A narrativa bíblica, a partir de Gênesis, afirma que Deus criou o mundo e tudo o que nele existe, especialmente o homem, sua obra-prima. Deus é apresentado como a divindade central, absoluta e onipresente. Em contrapartida, Baruch Espinosa, embora não negue a criação ou as origens da humanidade, postula que a separação entre o homem e Deus é uma ilusão. Segundo ele, as pessoas, assim como a natureza em sua totalidade, são sagradas e manifestações do Divino, não dependendo de um salvador ou observador externo que tudo controla. Ele questiona a ideia de que a obediência e o bom comportamento nesta vida garantem a vida eterna após a morte.
Em essência, enquanto as religiões ocidentais pregam a obediência como caminho para a salvação, Espinosa argumenta que somos autossuficientes. Somos manifestações da vida em forma humana, como outras manifestações que surgem para cumprir uma missão. Assim como os seres vivos na natureza, nossas vidas são autônomas e devem ser vividas de forma livre e prazerosa, sem o receio de perder a salvação por um comportamento inadequado.
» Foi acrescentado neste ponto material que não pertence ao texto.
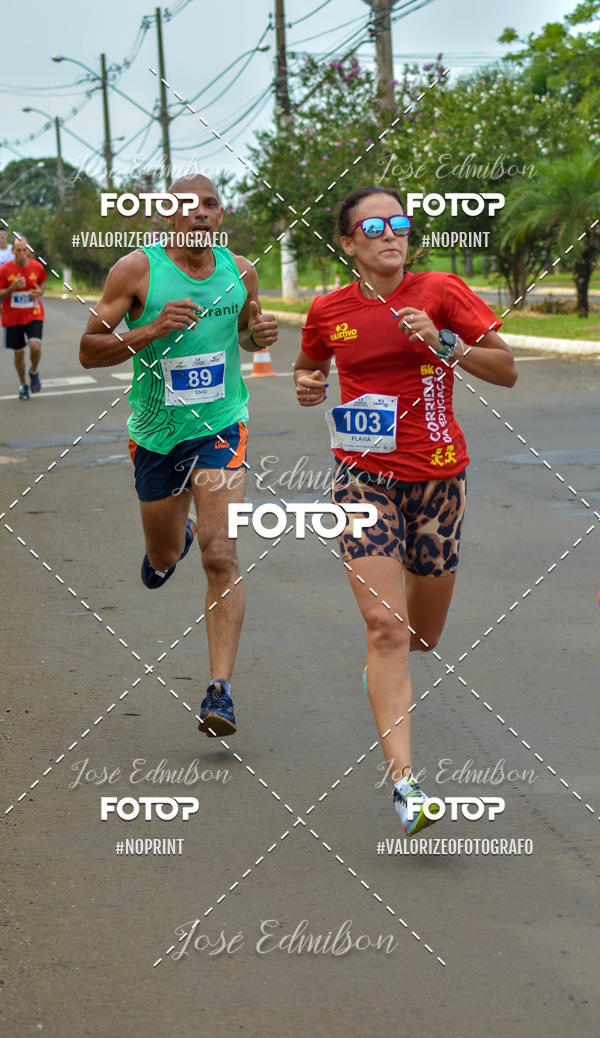 Buy your photos of the eventCorrida Da Educa��o on Fotop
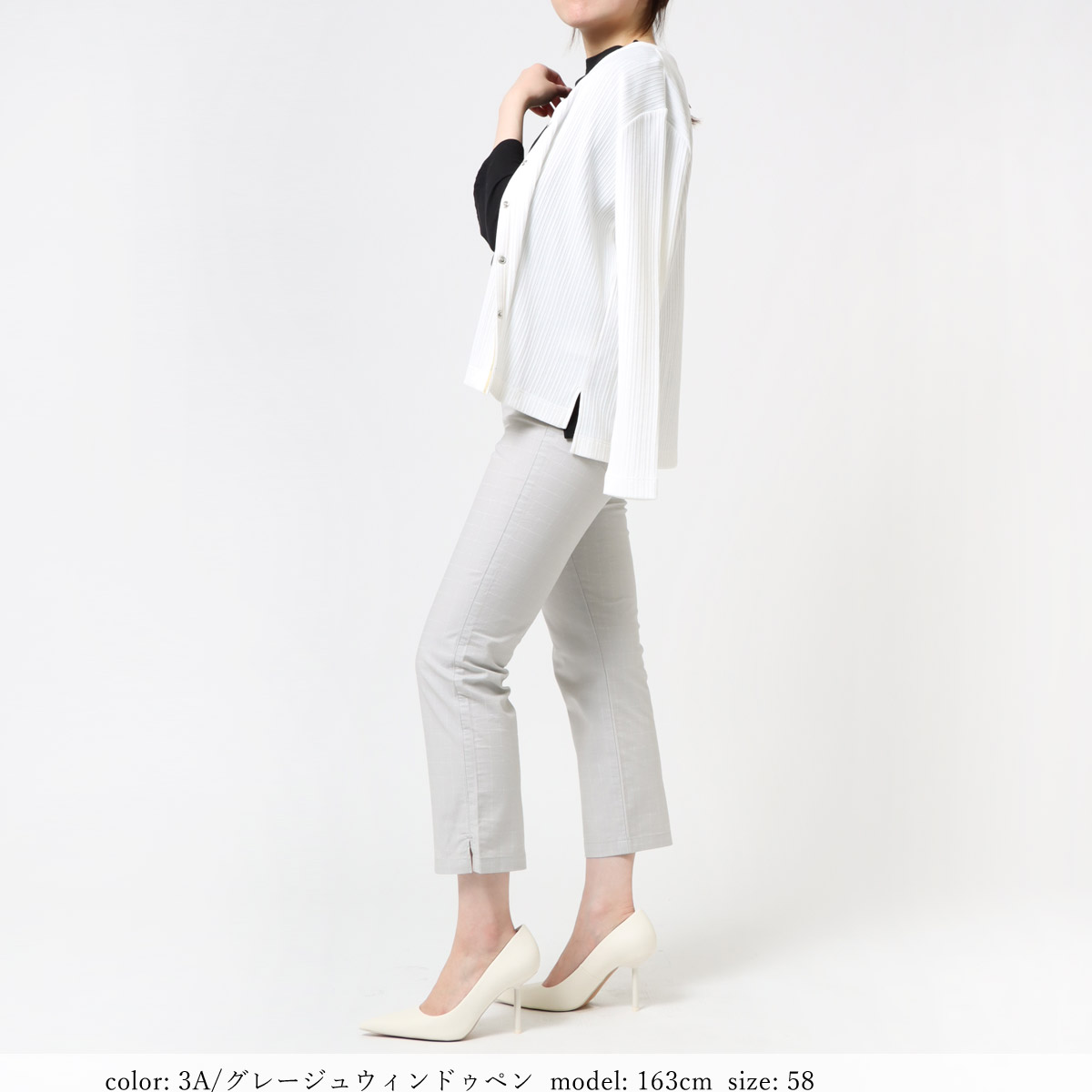 ��WEB����ۢ��â�����å����ꥢ�󥯥� GMA406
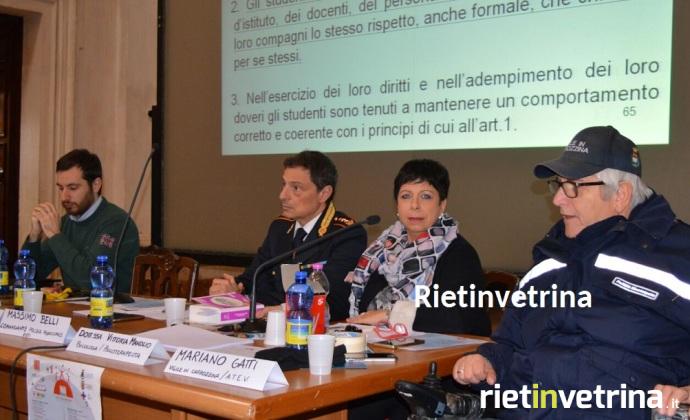 citta_senza_barriere_2018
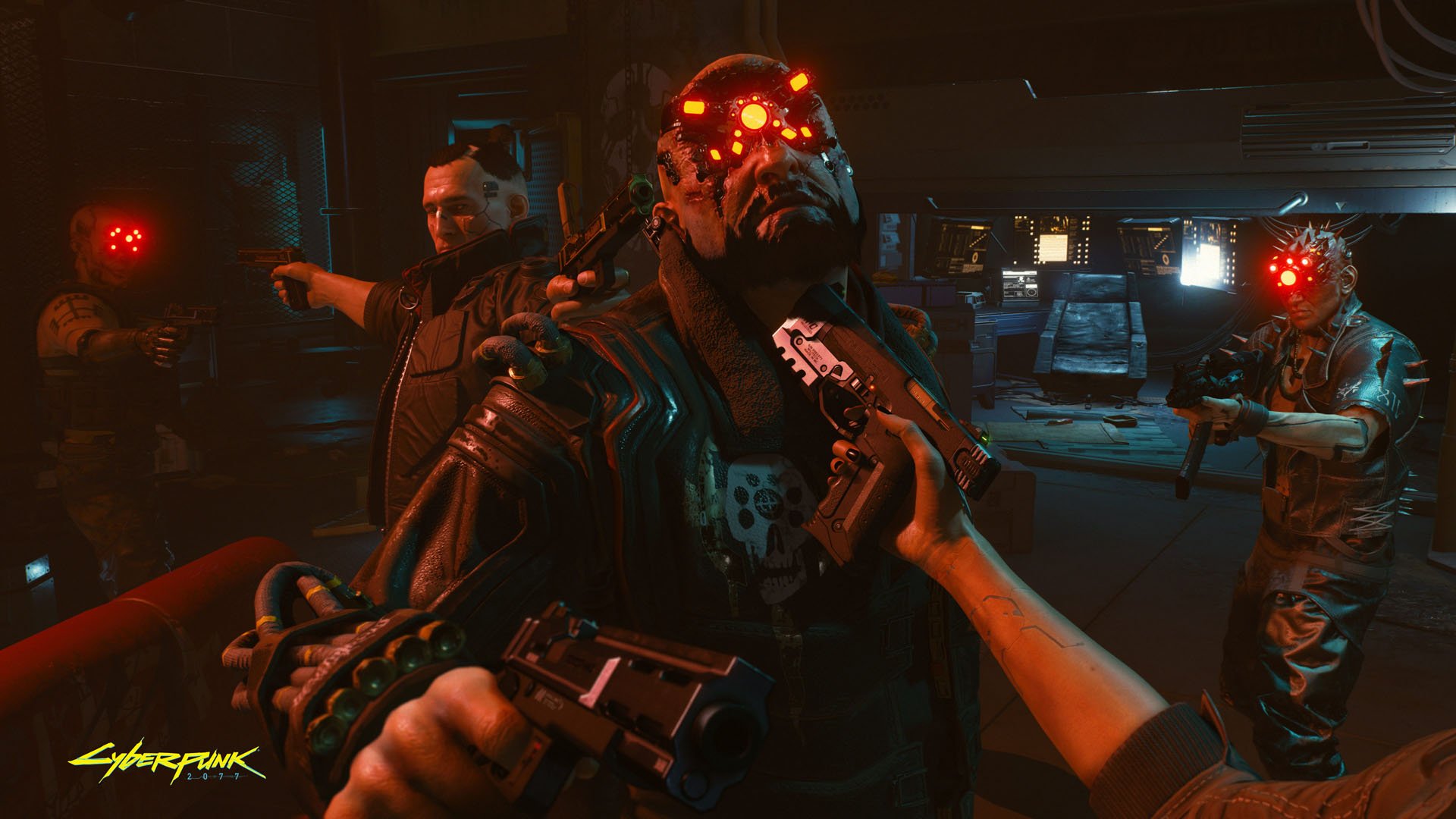 Cyberpunk2077-Outnumbered_But_Not_Outgunned-RGB-en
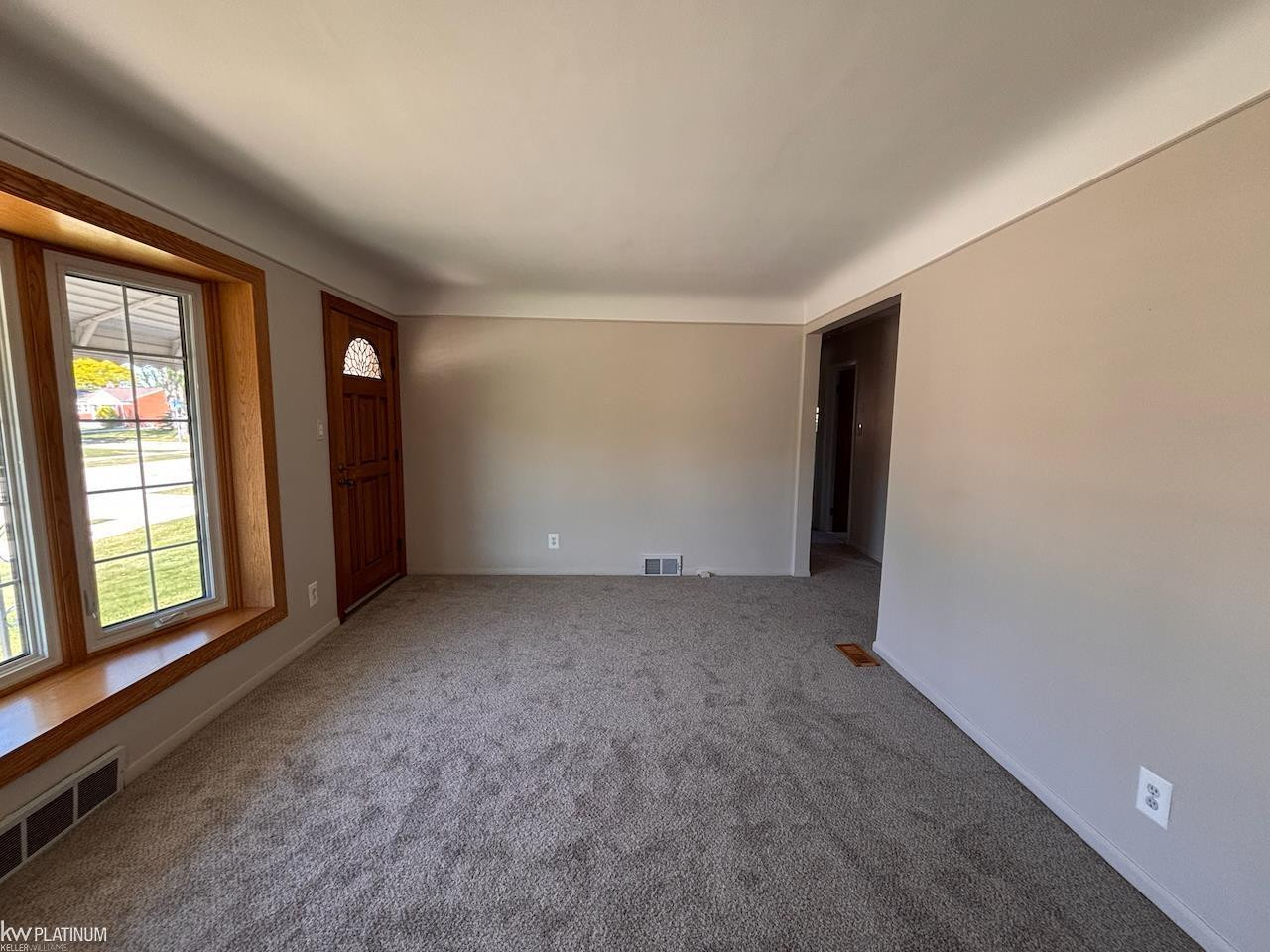 31256 Share Street, Saint Clair Shores, MI 48082 — Photo 6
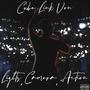 Lights, Camera, Action (Explicit)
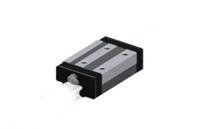 gsr25t1ssgk THK Linear Guide Carriage GSR, 20000N Dynamic Load, 50mm Rail Width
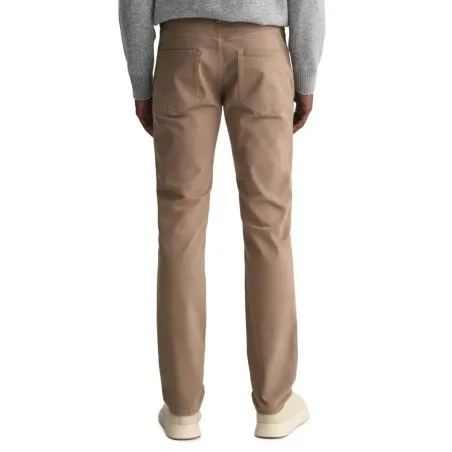 Jeans Homme GANT 1000262 - GANT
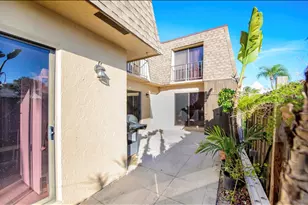4101 N Waterview Circle, Palm Springs, FL 33461 - Photo 3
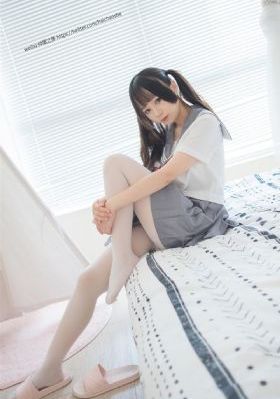 在线观看第一区_蓝光BD在线观看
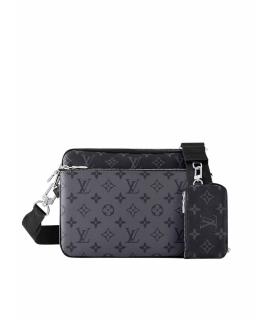 LOUIS VUITTON Сумка на плечо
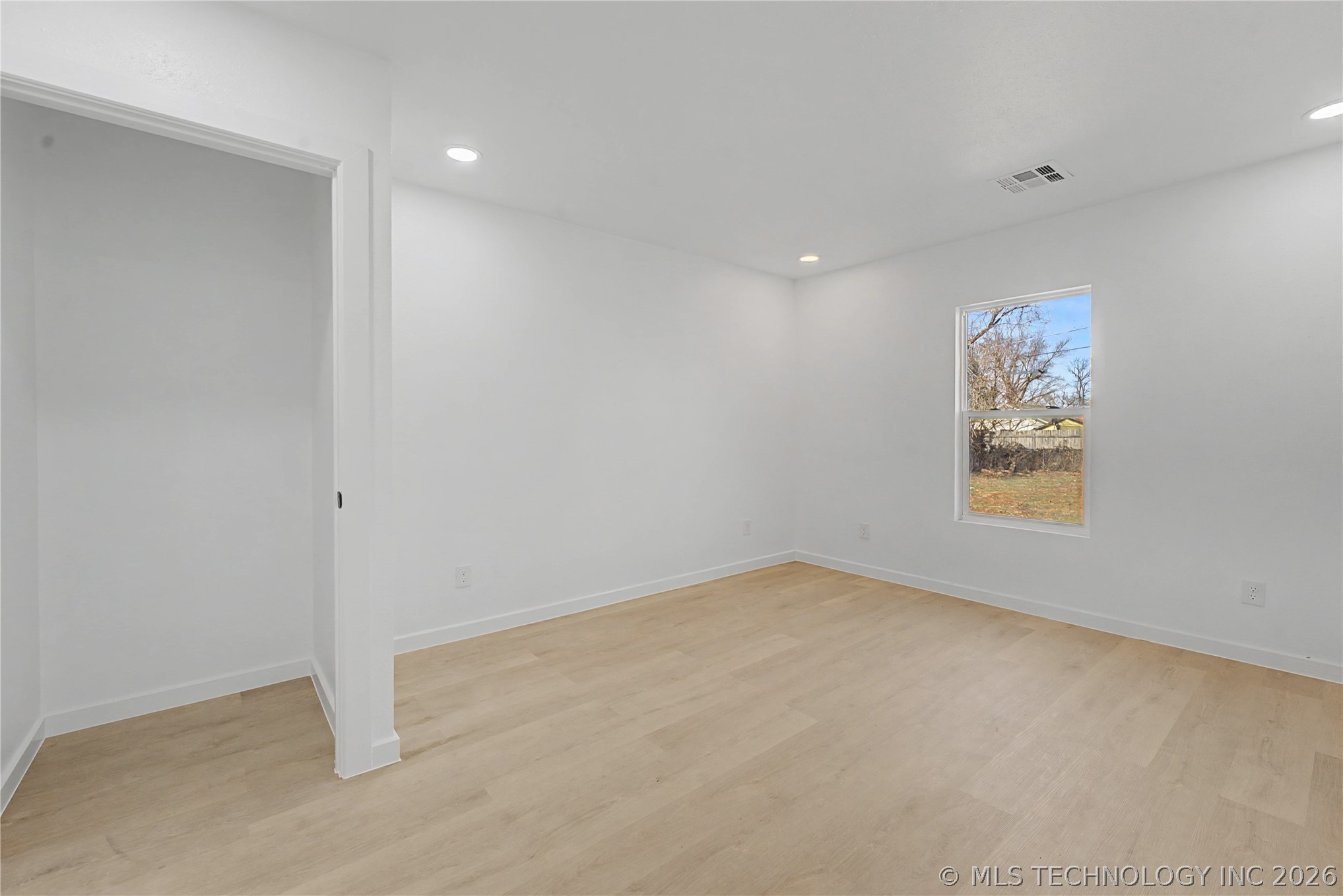 215 W Burnham Avenue Sapulpa OK 74066
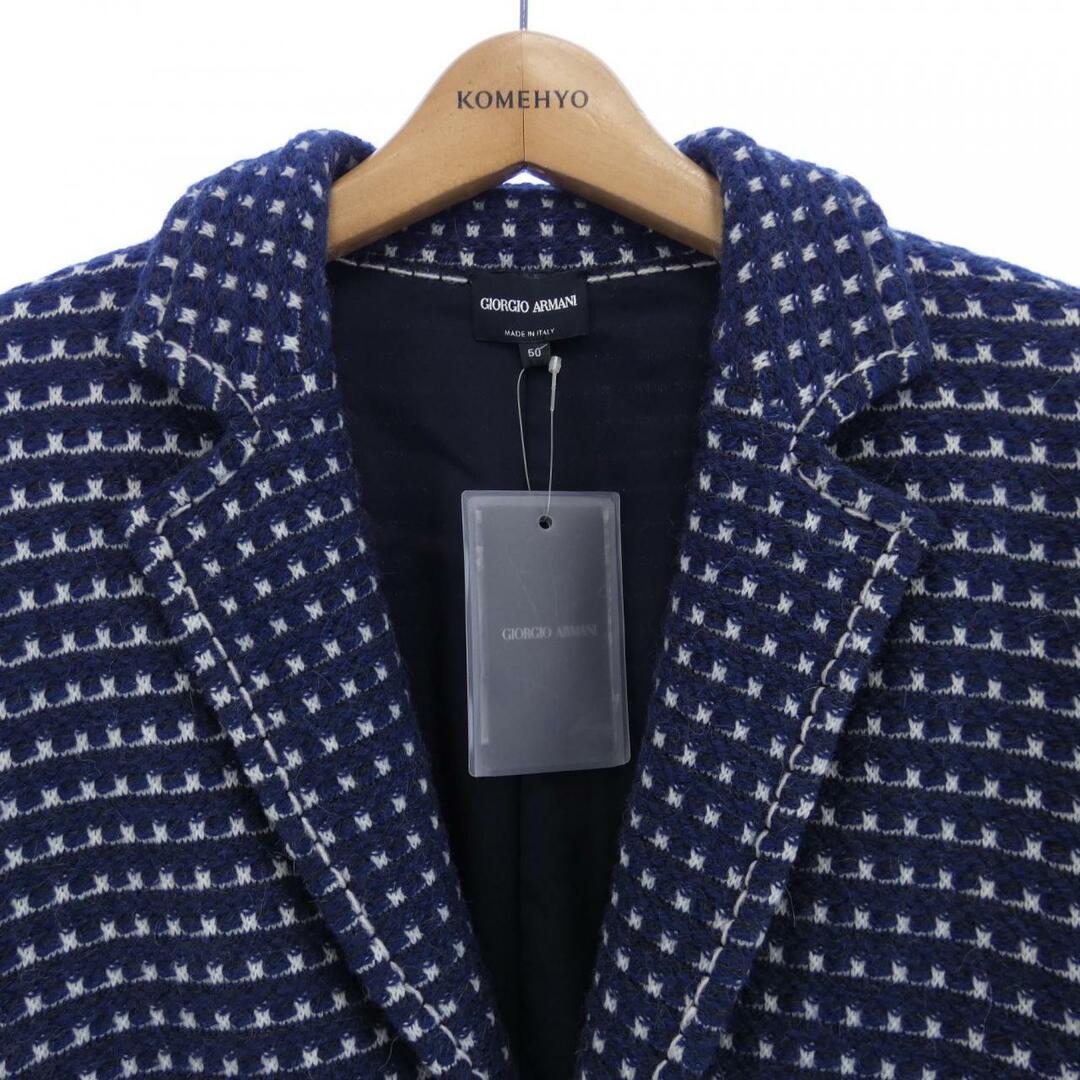 GIORGIO ARMANI - ジョルジオ アルマーニ GIORGIO ARMANI GIORGIO ARMANI - ジョルジオ アルマーニ GIORGIO ARMANI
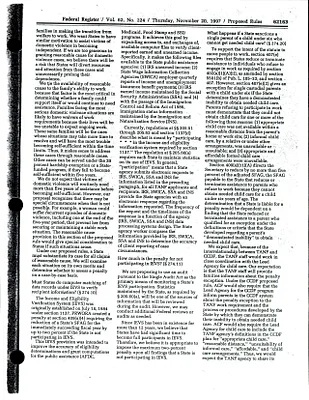 p. 40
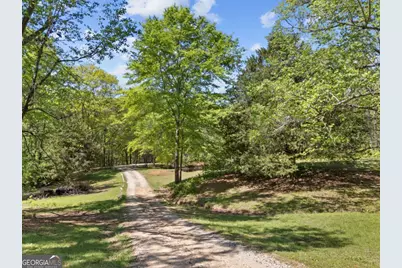761 Fincherville Road, Jackson, GA 30233 - Photo 57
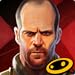 SNIPER X WITH JASON STATHAM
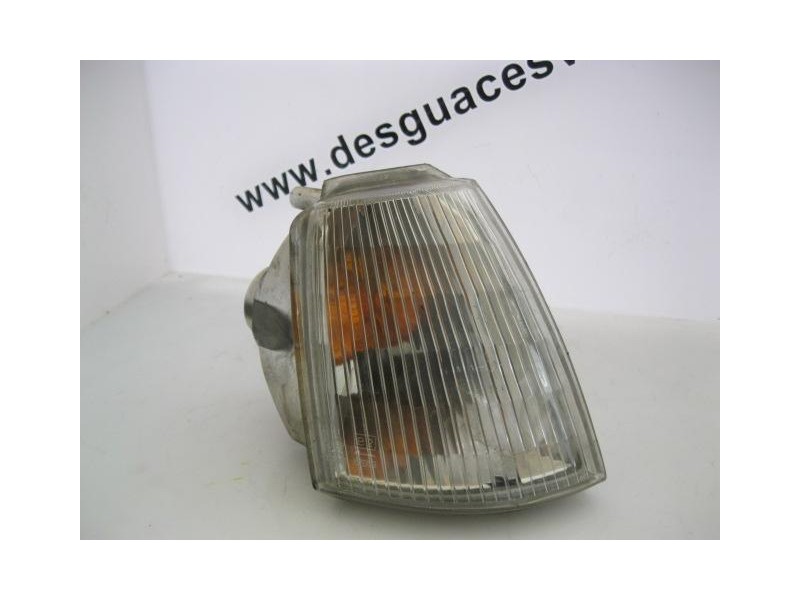 Recambio de piloto del-dcho : renault 19 : 1.9 d -f8q (63,92cv) 4p [1992] para renault 19 1.9 d -f8q referencia OEM IAM   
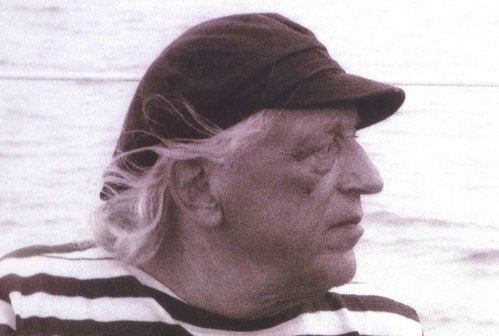 2001_España _Rafael Alberti__f_.jpg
Na verdade, se essa ideia de Espinosa, que é bem embasada e defendida por ele, for verdadeira, governantes e instituições religiosas, que detêm poder sobre seus seguidores através do ensino e da exigência de obediência, perderiam sua razão de existir. Se as pessoas são autônomas e autossuficientes, qual seria o papel dos líderes religiosos e governantes? A humanidade e a natureza poderiam se autorregular, e a vida seguiria seu curso sem intermediários.
Aconselhamos a não se impressionar com essa perspectiva, pois, segundo Espinosa, a inocência é como plumas ao vento: uma vez perdida, jamais se consegue juntar.